- Born: February 24, 1976 (age 50) Buffalo, New York, U.S.
- Height: 6 ft 1 in (185 cm)
- Weight: 205 lb (93 kg; 14 st 9 lb)
- Position: Centre
- Shot: Left
- Played for: Hamilton Bulldogs Houston Aeros London Knights Baton Rouge Kingfish Columbus Cottonmouths Arkansas RiverBlades Cincinnati Cyclones Augusta Lynx Texas Wildcatters Flint Generals New Mexico Scorpions Fort Wayne Komets
- NHL draft: 136th overall, 1994 Edmonton Oilers
- Playing career: 1998–2008

= Terry Marchant =

American ice hockey player (born 1976)

Terry Marchant (born February 24, 1976) is an American former professional ice hockey player. He played in the minor leagues and briefly in Europe.

==Career Summary==
Marchant began his collegiate career in 1994 with the Lake Superior State Lakers having previously played junior hockey with the Niagara Scenic of the NAHL. Following his strong season in Niagara, he was drafted 136th overall by the Edmonton Oilers in the 1994 NHL entry draft. In his sole season in Buffalo, Marchant was named as a Second Team All Star. Despite being a prolific scorer during his time in the juniors, when he arrived at Lake Superior State he focused on becoming a defensive forward.
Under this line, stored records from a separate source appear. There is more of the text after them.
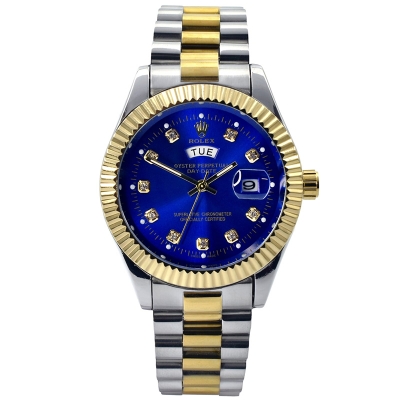 Picture of RLX Watch C30 Stainless Steel Strap with Date Display – Premium Stylish Design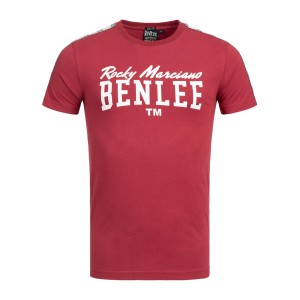 T-shirt o wąskim kroju Benlee Kingsport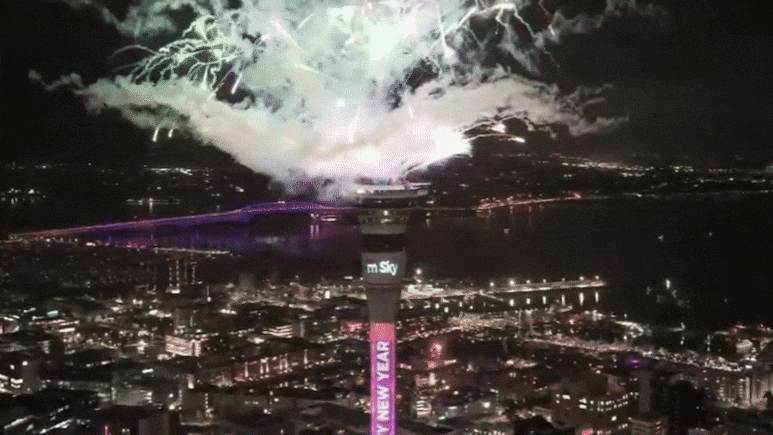 Fireworks, Celebrations: Countries Ring In 2026. This Was The First
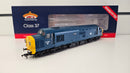 Bachmann 35-301SF Class 37 034 BR Blue, Boxed, DCC Sound, Excellent Runner, No Paperwork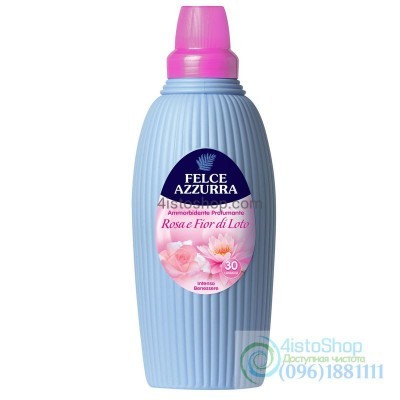 Кондиционер для белья Felce Azzurra Rosa Loto 2л
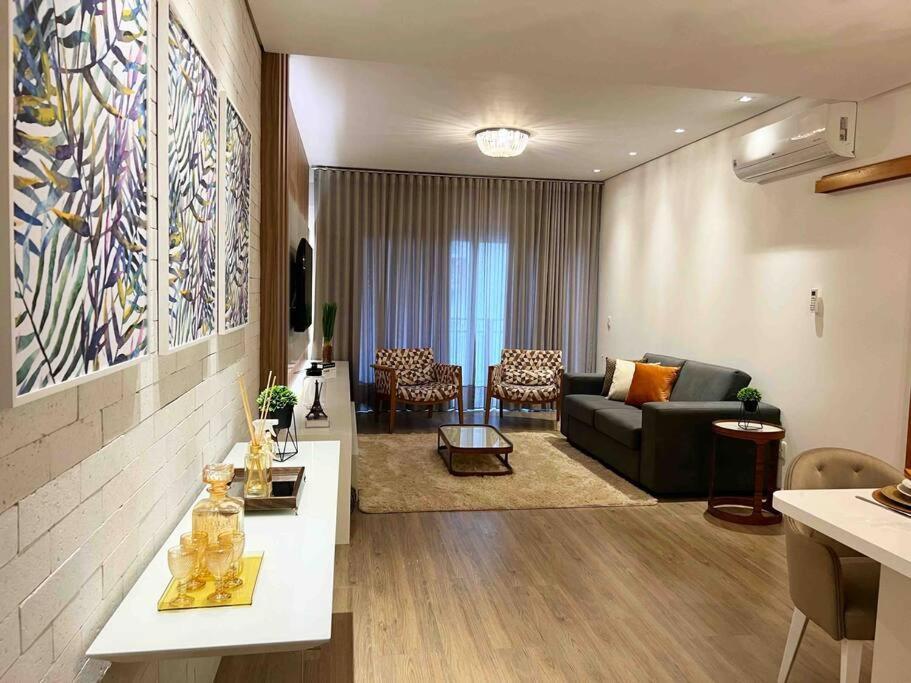 Apartment Lindo Alto Padrao Com Piscina Aquecida E Ofuro! *
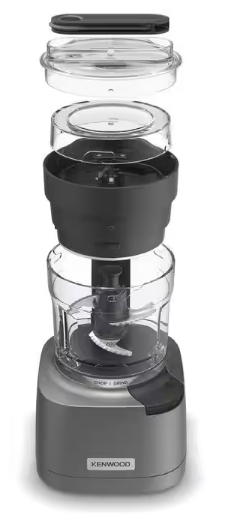 Duo Prep 2-in-1 Chopper/Grinder CHP80.000SI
After his junior year however, the team's top scorer Bates Battaglia signed with the NHL's Carolina Hurricanes, which allowed Marchant to become more offensive-minded. As a result, in his senior season he led the team in scoring with 39 points in 36 games, whilst being named an alternate captain. As a result of his strong play, he was named to the All CCHA Second Team, as well as being named CCHA Best Defensive Forward.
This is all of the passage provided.